The pros and cons of running a business with a friend

Diving into a business venture with a friend, instead of going it alone, has many advantages for entrepreneurs, including the following:

  • You already understand how your business partner operates. Understanding your business partner allows you to efficiently tackle responsibilities by delegating based on strengths and weaknesses. By knowing how your business partner operates, there’s less guesswork in determining roles and responsibilities, allowing for a quicker adjustment period.
  • You can communicate comfortably. The ability to communicate comfortably and honestly is vital in any business, and working with a friend allows you to explore difficult topics with ease rather than spending time getting used to talking openly with a new partner.
  • You have a built-in support system. Having a friend by your side as you start your entrepreneurial journey provides you with someone to go through all the ups and downs with, easing stress and providing support from somebody who understands.

While running a company with a friend provides many advantages, entrepreneurs should consider the downsides as well, including the following:

  • Your dynamic may change. Having a friend become a business partner is bound to change your dynamic, as financial and personal risks are on the line that did not previously exist in your friendship. The focus of your friendship is no longer simply fun, it’s about business and success as well.
  • Emotions can run high. When friends work together, personal conflicts can get in the way of professional matters if emotions aren’t put aside. When personal issues bleed into the workplace, business partners can run into trouble.
  • Your friendship and business can become intertwined. Working so closely together can alter the way you interact with one another and make it harder to separate professional time from personal time, even after “working hours” are over. As free time is spent planning business ventures or discussing new ideas, hanging out can become less frequent.

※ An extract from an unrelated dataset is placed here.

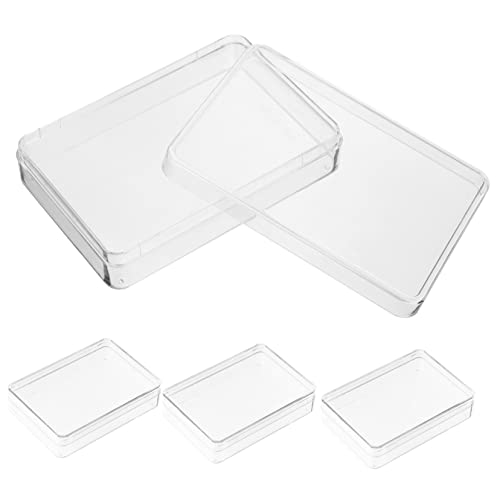Toddmomy 4Stücke Transparentes Kunststoff Spielkartenetui für Pokerkarten Organizer Leichtes Öffnen und Schließen Karten Knöpfe und Mehr von Toddmomy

Questions to consider before starting a business with a friend

Before you decide to make your partnership official, ask yourself the following questions to ensure you’re each ready:

  • Are your values similar? Understanding each other’s values is critical to success, as they are the motivators used to drive your business. Determine what your partner is looking for from the business, and ensure it’s in line with your values — or at least close enough that you can work through it together.
  • How do your skills complement each other? Identify where your skills differ to determine responsibilities and address potential shortcomings in your business. For example, if one partner is better at communicating, while the other is better at logistics and organization, use those strengths to guide your role assignments.
  • Do you have the same goal for your business? It’s important to confirm that your business goals are in line with one another, otherwise, you could wind up damaging your friendship or negatively impacting your business. Share your goals, projecting at least five years out, to see whether they’re focused on growth, financial milestones, or something else.
  • Will your career and personal habits clash? Ensure that both parties are on the same page by observing lifestyles, habits, and work ethics. Consider factors such as preferences for a professional versus relaxed environment, working hours, communication habits, and how much of a work-life balance you want to achieve.

Miscommunications are plentiful in business, but they can have a lasting
negative impact — especially when they occur between co-owners.

How to run a business with a friend

Running a business with a friend can yield great rewards for both your friendship and your business’s success, just as it has for many organizations in the past. Follow these six tips if you’re considering starting a business with your friend.

Get everything in writing

Before starting a business with your friend, draw up paperwork to put your partnership in place. Consider meeting with a lawyer with experience in partnerships to draft a business plan and ensure you’re covering all your bases. There are many contingencies you might miss from the get-go, and having it all in writing will protect you and your business partner/friend from potential issues down the line. For instance, if one of you wants to leave the business, you will have a contract in place that outlines how you will value the business.

You should also put into writing any and all business promises, like compensation rates, profit shares, investment contributions, and business accounts.

[Read more: How to Write a Startup Business Plan]

Establish a shared vision

Before diving into a business with your friend, talk to each other about the business idea and how it might pan out, including any obstacles that might arise. How will you address these potential issues, and do you agree with the proposed solutions?

Ensuring you share a similar vision for your business and its future is crucial to your success. It isn’t enough to agree on a business idea or industry; you must anticipate the entire future of the business, including any sacrifices and pivots you each may have to make.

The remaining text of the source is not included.